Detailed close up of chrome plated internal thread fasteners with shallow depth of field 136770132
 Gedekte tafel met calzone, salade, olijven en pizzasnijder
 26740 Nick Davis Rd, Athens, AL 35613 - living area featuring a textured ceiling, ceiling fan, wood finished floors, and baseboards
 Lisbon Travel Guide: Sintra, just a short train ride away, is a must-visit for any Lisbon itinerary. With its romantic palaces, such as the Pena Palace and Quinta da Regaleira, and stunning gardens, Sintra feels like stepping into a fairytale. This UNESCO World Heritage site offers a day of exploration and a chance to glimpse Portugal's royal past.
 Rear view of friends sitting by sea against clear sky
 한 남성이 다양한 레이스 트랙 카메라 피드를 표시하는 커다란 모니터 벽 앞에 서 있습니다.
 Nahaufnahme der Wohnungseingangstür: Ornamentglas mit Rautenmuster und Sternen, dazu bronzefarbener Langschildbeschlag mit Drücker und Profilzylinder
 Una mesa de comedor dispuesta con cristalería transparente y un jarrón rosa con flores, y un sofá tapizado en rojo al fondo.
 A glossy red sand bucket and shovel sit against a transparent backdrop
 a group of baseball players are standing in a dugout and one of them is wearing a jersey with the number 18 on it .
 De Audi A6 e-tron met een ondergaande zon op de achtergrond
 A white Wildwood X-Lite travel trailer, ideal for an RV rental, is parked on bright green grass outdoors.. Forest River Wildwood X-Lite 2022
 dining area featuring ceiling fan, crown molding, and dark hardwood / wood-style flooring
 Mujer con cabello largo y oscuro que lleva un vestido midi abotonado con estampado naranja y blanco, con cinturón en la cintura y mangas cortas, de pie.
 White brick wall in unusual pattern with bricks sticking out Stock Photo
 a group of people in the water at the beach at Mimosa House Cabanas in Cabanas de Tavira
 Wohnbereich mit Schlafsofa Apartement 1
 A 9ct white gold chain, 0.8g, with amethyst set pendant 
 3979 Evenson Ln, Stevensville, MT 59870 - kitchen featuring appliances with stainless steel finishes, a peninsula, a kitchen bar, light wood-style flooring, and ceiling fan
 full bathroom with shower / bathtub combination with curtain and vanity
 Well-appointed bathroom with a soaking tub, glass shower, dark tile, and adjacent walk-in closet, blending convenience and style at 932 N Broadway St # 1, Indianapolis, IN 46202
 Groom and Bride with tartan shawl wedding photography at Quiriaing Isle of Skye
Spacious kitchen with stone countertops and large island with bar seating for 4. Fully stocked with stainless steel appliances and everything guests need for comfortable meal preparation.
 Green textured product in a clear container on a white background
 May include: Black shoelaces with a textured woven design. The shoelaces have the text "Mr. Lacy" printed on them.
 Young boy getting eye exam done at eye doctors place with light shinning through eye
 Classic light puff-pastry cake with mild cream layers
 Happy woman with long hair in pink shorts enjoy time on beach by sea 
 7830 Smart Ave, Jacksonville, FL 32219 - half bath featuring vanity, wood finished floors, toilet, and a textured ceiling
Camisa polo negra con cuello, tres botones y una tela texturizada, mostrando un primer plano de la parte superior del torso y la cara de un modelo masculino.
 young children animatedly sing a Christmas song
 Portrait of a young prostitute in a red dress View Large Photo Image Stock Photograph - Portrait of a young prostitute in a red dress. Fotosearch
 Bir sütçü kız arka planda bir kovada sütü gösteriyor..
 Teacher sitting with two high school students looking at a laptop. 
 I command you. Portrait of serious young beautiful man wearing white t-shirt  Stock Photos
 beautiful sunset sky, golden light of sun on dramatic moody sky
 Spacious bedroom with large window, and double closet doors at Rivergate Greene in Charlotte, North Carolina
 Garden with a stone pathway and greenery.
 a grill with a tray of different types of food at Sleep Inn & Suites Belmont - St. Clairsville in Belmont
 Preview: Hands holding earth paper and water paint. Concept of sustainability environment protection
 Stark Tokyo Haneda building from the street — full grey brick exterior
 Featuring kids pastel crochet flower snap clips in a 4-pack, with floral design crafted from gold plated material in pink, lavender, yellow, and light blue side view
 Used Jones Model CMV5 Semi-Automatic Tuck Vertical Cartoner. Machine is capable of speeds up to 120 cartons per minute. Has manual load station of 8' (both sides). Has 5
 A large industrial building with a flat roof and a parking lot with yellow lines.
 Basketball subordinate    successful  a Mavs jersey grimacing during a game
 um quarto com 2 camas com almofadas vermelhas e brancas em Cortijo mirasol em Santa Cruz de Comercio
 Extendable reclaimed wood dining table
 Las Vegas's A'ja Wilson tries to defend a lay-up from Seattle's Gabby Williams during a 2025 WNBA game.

**EXERCISE INSTRUCTIONS**
Scan the material above for "closet". Copy every line where it appears.

**SOLVED EXERCISE**
 Well-appointed bathroom with a soaking tub, glass shower, dark tile, and adjacent walk-in closet, blending convenience and style at 932 N Broadway St # 1, Indianapolis, IN 46202
 Spacious bedroom with large window, and double closet doors at Rivergate Greene in Charlotte, North Carolina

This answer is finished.